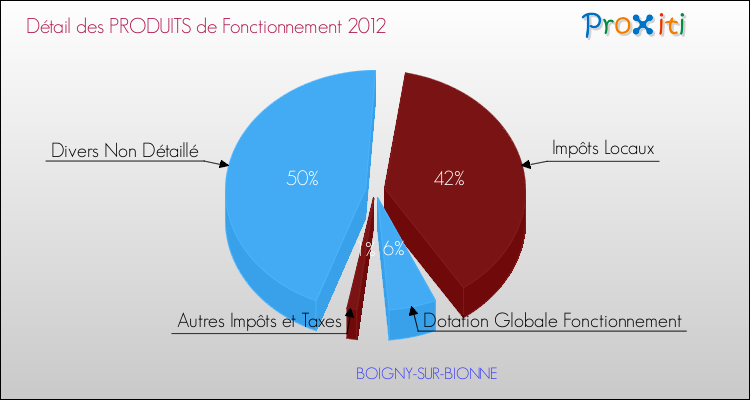 Décomposition du Budget de Fonctionnement 2012 de la commune de BOIGNY-SUR-BIONNE Budget de Fonctionnement 2012 pour la commune de BOIGNY-SUR-BIONNE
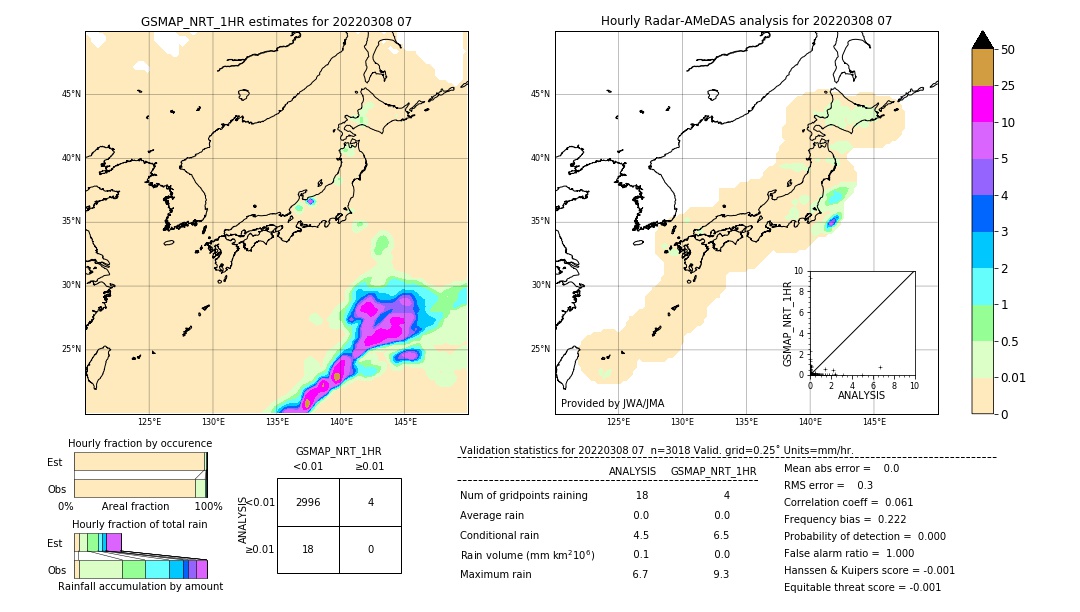 GSMaP NRT validation image. 2022/03/08 07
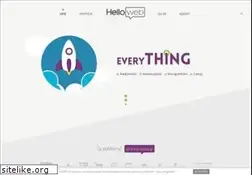 Sites similar to helloweb.pl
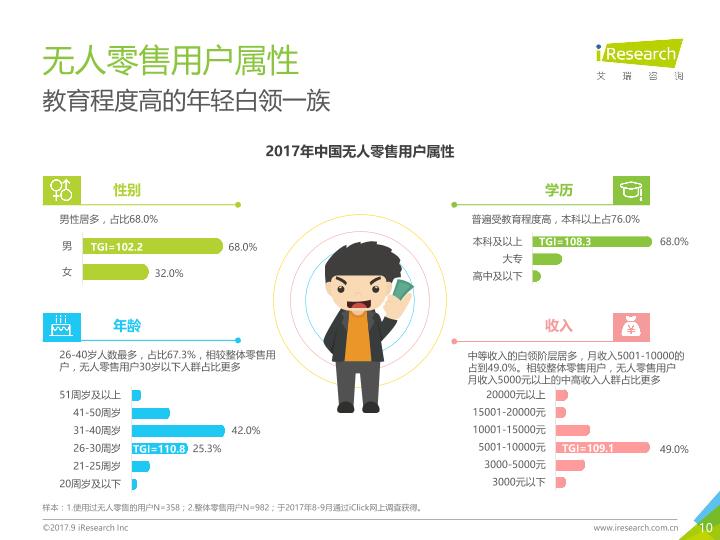 零售行业行研报告：2017年中国无人零售用户行为研究报告-undefined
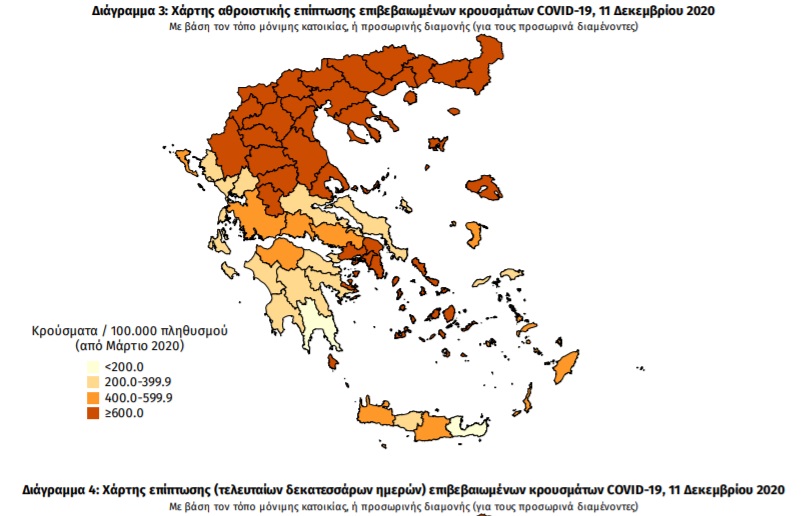 Covid-19: Πρόοδος με το σταγονόμετρο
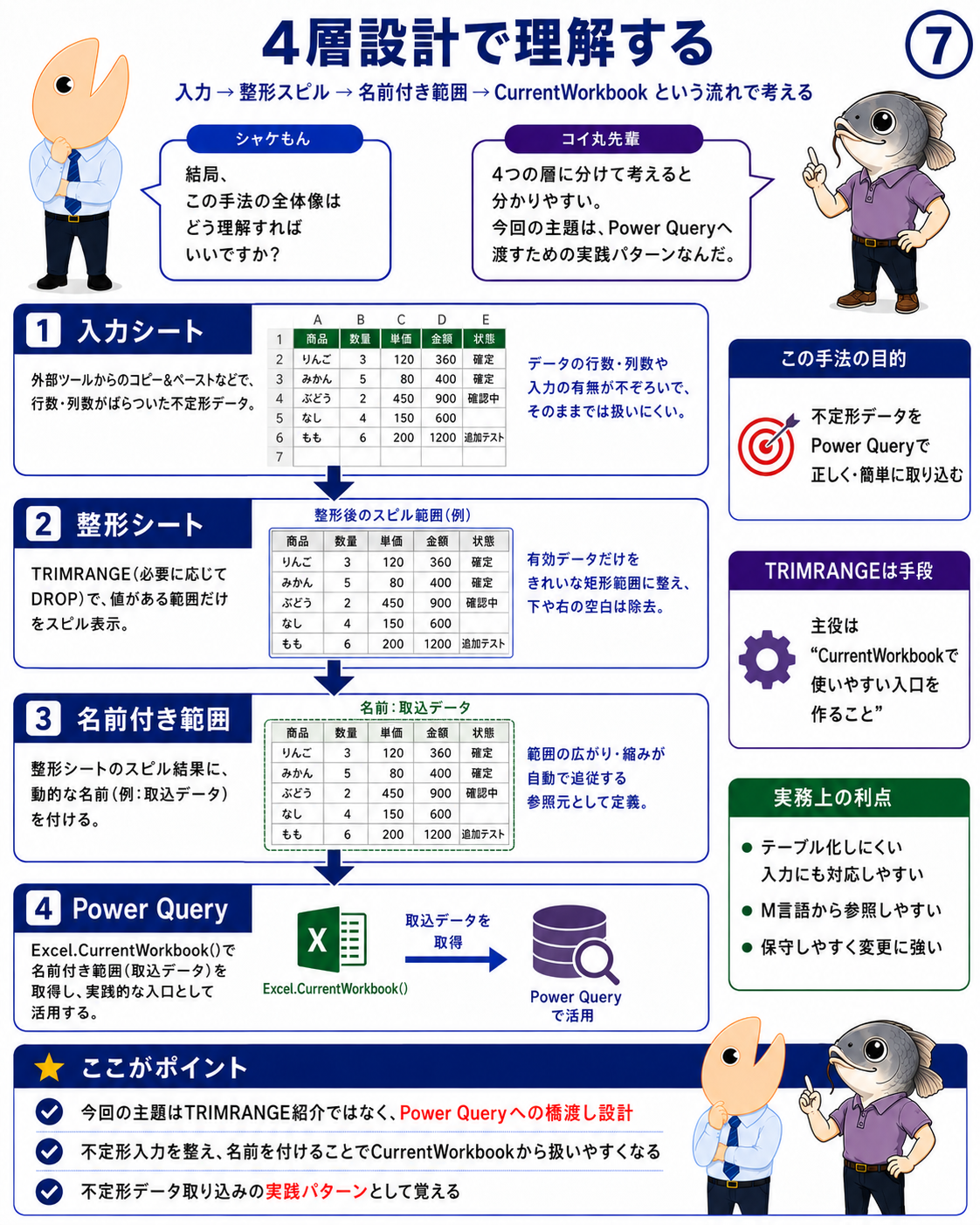 図7|入力・整形・名前付き範囲・Power Queryを分けた4層設計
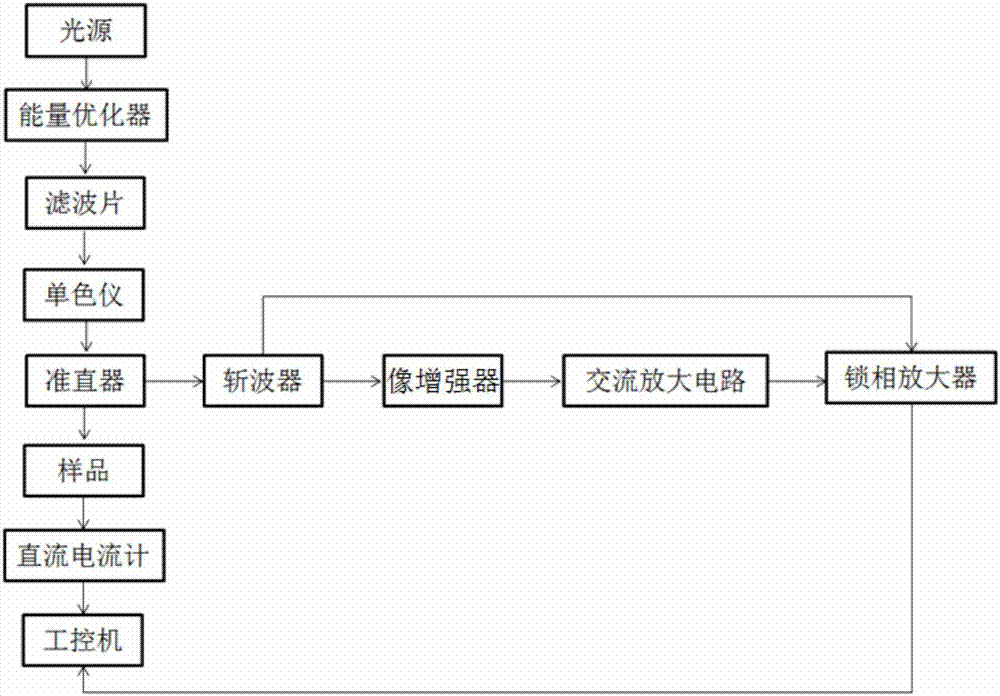 一种真空紫外波段像增强器光谱响应测试系统的制作方法与工艺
-=-=-
* [WHAT TO DO] From the line containing "零售行业行研报告：2017年中国无人零售用户行为研究报告-undefined" through the final line of the listing above, reproduce every line exactly, with no pictures.

* [SOLUTION TO THIS EXERCISE]
 零售行业行研报告：2017年中国无人零售用户行为研究报告-undefined
 Covid-19: Πρόοδος με το σταγονόμετρο
 図7|入力・整形・名前付き範囲・Power Queryを分けた4層設計
 一种真空紫外波段像增强器光谱响应测试系统的制作方法与工艺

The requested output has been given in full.